I didn't help but notice that almost each contest there's at least some solutions that are clearly incorrect but get accepted nevertheless. For example, discussions for last 3 numbered CF rounds:

Sometimes problemsetters/testers could have done better job, sometimes it's seems close to impossible to fail specific solutions in advance without actually coming up with this solution.

So, here is an idea which I both thought of myself and also heard from several other people: What if after the contest and system testing phase there was open hacking phase, which doesn't give any points for hackers but helps to find solutions that should not be accepted.

It seems that it should be easily implementable, considering it already works somewhat like this in Educational rounds, but MikeMirzayanov may comment on that.

I see, however, several possible issues with that:

It will require to wait for round results longer.
It will not work very well for onsite competitions when results should be declared shortly after the contest (But in these cases open hacking phase could be cancelled or shortened(there's normally much less solutions to check after all))
Author may get more lazy with creating tests (i.e saying "ok, contestants will hack that anyway"), which may reduce overall quality of the resulting testsets
There will be people who are more targeted by hacks then others, which may be viewed as not fair.
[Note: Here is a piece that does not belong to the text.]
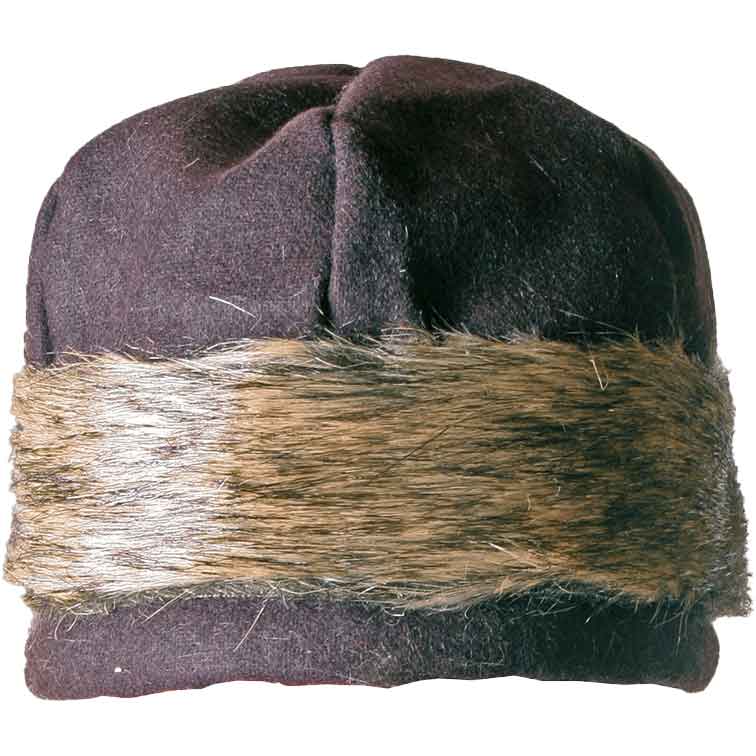 Small Fitted Hats for Men Faux Lamb Wool Baseball Cap For Men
E.g if you are tourist , your bug in problem A will probably be found because your code is reviewed by a lot of participants who know about you personally (or see you in the first line of scoreboard), but a lot less people will read few thousands of (preliminarily) accepted solutions.
For solutions that involve random number generators and/or are close to TL balance may be somewhat changed. E.g if I know, that mnbvmar's solution worked in 998ms out of 1s, I'll probably try to "hack" using (almost) same tests few times. Again, I will care less about people who are lower in the scoreboard because hacking them will not get me closer to the hoodie.

However, I think positive impact of this feature would be less important then negative impact.

What do you think? Any other issues you can think of or any other comments are welcome.

Комментарии (30)

Написать комментарий?

RedNextCentury

6 лет назад, # |

For #4 it shouldnt be a problem if hacks are added to system tests, isnt that how it works in educational rounds?

→ Ответить

bazsi700

6 лет назад, # ^ |

+18

But each submission may have a different counterexample. Thus, if someone with ~500th place has a wrong solution different from everyone else's then he probably won't get hacked, and testing on other hacks may not fail his solution.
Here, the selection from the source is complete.